CmaBoardReleases
Title: Announcement Regarding Issuance of Disciplinary Board Resolution No. (53/2021 Disciplinary Board) (28/2021 Authority) and imposition of a fine of (4) thousand Dinars against Hayat Invest Company for violating the Collective Investment Schemes, Corporate Governance, and Anti-Money Laundering and Combating Financing of Terrorism
Announcement Regarding Issuance of Disciplinary Board Resolution No. (53/2021 Disciplinary Board) (28/2021 Authority) and imposition of a fine of (4) thousand Dinars against Hayat Invest Company for violating the Collective Investment Schemes, Corporate Governance, and Anti-Money Laundering and Combating Financing of Terrorism
For the following reasons:
- Provision of Article (1-15) of Module Thirteen (Collective Investment Schemes) of the Executive Bylaws of Law No. 7 of 2010 and their amendments:
The Company marketed percentages of the ownership shares of two real estate projects outside the State of Kuwait to some of its clients from high net worth investors in the following way:
- A percentage of the ownership shares of a residential project in India:
A percentage of the mentioned ownership shares was offered to some clients, and 12 of the Company’s clients invested in a percentage of the ownership shares of this project, provided that all of the mentioned clients are classified by the Company as professional clients who submitted an investment request on subscription forms prepared by the Company and were granted certificates as evidence of their ownership of a percentage of the mentioned ownership shares.
- A percentage of the ownership shares of a residential and commercial project in France:
A percentage of the mentioned ownership shares was offered to some clients, and 2 of the Company’s clients invested in this project, provided that the mentioned two clients are classified by the Company as professional clients who submitted investment request on subscription forms prepared by the Company.
The two mentioned projects are considered a form of marketing Foreign Collective Investment Schemes. Therefore, the Company was obligated to obtain a permission from the CMA to market the mentioned scheme, which the Company did not do.
- Provision of Item (8) of Article (5-7) of Module Fifteen (Corporate Governance) of the Executive Bylaws of Law No. 7 of 2010 and their amendments:
This is due to the Chairman of the Board of Directors and the CEO’s review and approval of the evaluation of the performance of the internal audit manager for the financial period that ended on 31/12/2019, provided that this is one of the tasks of the audit committee and not part of the tasks of the Chairman of the Board of Directors and the CEO. Moreover, this matter will obstruct the independence of the internal audit department and its employees pursaunt to the provisions of Article (6-7) of the same Module.

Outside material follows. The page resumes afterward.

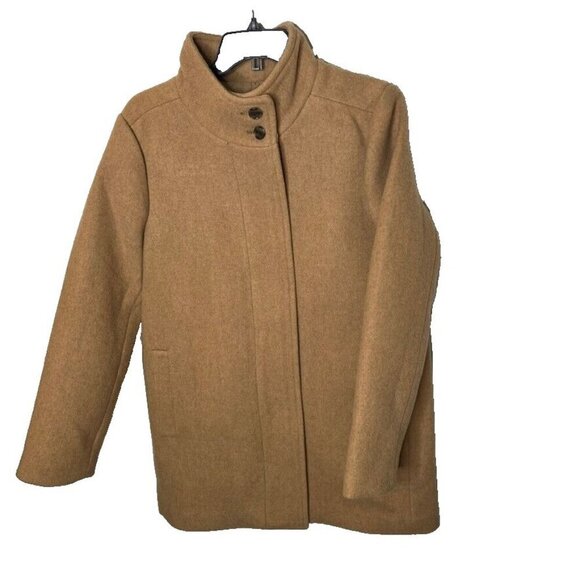 J.Crew Womens $298 Button Neck City Coat Hthr Acorn Size 2 BU261 - Picture 3 of 10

- Provision of Item (3) of Article (6-3) of Module Fifteen (Corporate Governance) of the Executive Bylaws of Law No. 7 of 2010 and their amendments:
This is due to the Chairman of the Board of Directors and the CEO’s review and approval of the evaluation of the Risk Management Officer for the financial period that ended on 31/12/2019, which conflicts with the independence of that department, because the evaluation was performed by the Company’s CEO.
- Provision of Article (7-3) of Module Sixteen (Anti-Money Laundering and Combating Financing of Terrorism) of the Executive Bylaws of Law No. 7 of 2010 and their amendments:
It was proven to the CMA that the Company’s Compliance Officer does not have the required independence because the Company has attributed many tasks of several positions to him.
The Resolution included the infliction of the following penalty: -
“The violating Company is fined an amount of one thousand Dinars for each of the attributed violations.”
In this regard, the CMA emphasizes the implementation of CMA Law and its Executive Bylaws on all persons dealing in securities activities, and urges them to comply with these Laws in order to promote investors' confidence, create a sound investment environment, and implement the Law according to the principles of fairness, transparency, and integrity in line with the best international practice.